(Instructions for the task): Return the lines of the data below starting at the one holding "צרקליה נה גורניסקם" and ending at the one holding "Distributeur d'engrais pour", word for word, leaving every picture out.

(Extracted records):

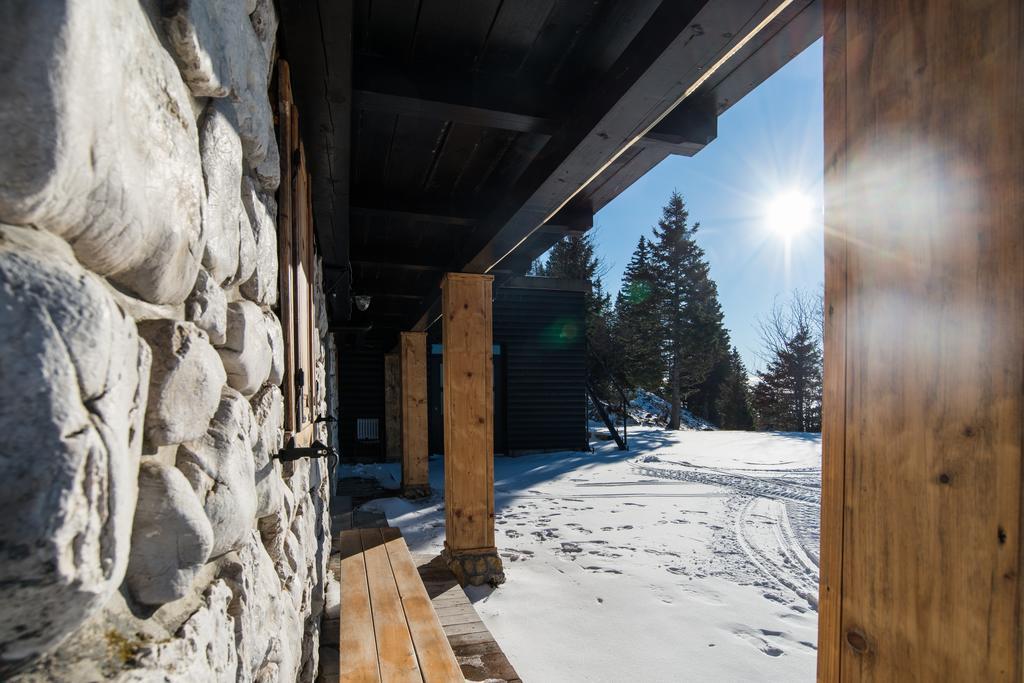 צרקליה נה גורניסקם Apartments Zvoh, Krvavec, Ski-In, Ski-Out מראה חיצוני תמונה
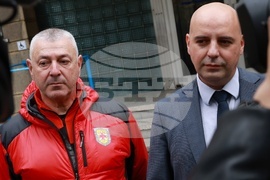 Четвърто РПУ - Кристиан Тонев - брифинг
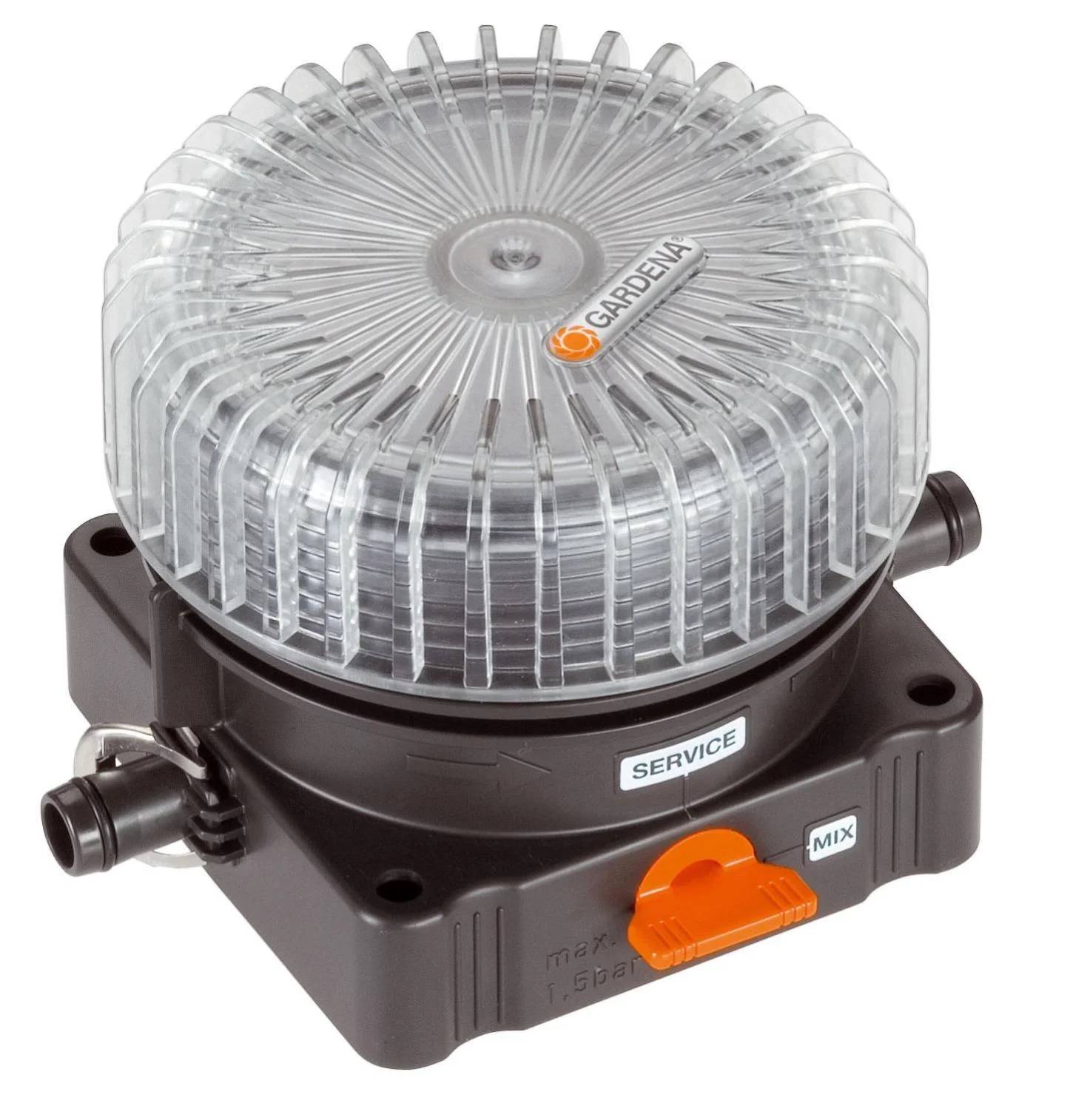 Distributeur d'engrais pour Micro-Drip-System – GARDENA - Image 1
---
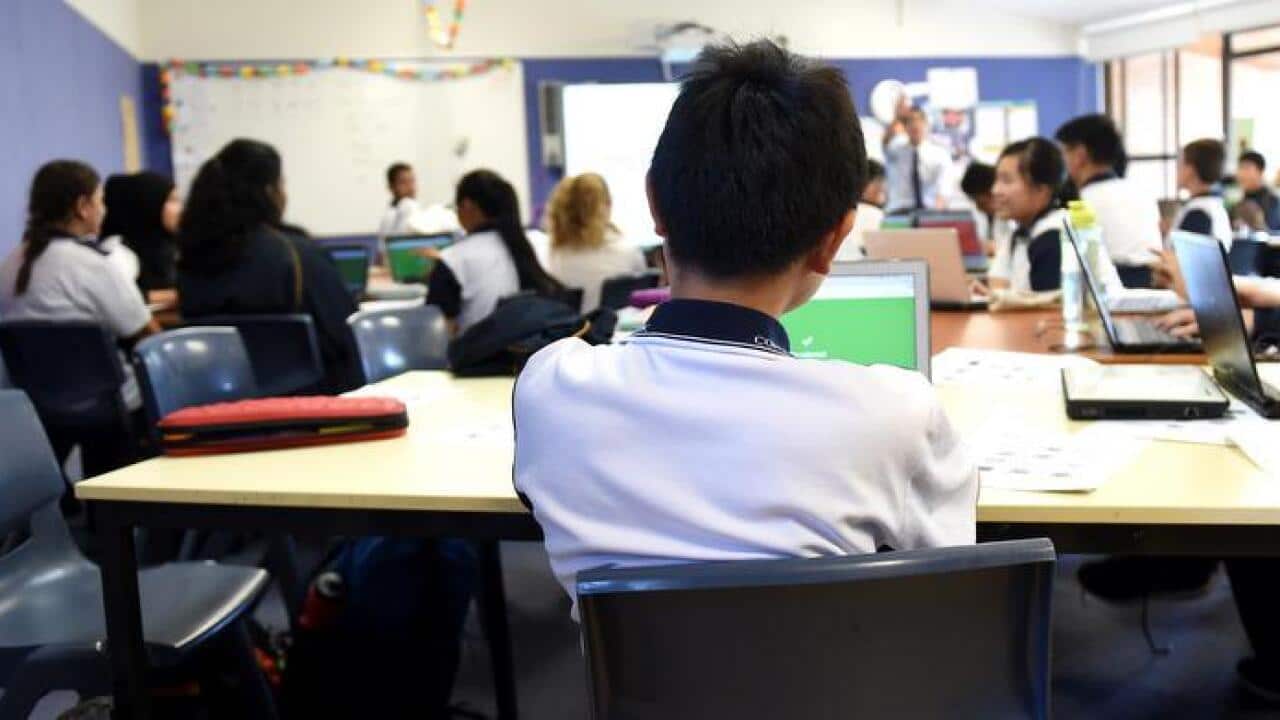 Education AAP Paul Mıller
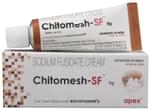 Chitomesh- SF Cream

(Result below):
 צרקליה נה גורניסקם Apartments Zvoh, Krvavec, Ski-In, Ski-Out מראה חיצוני תמונה
 Четвърто РПУ - Кристиан Тонев - брифинг
 Distributeur d'engrais pour Micro-Drip-System – GARDENA - Image 1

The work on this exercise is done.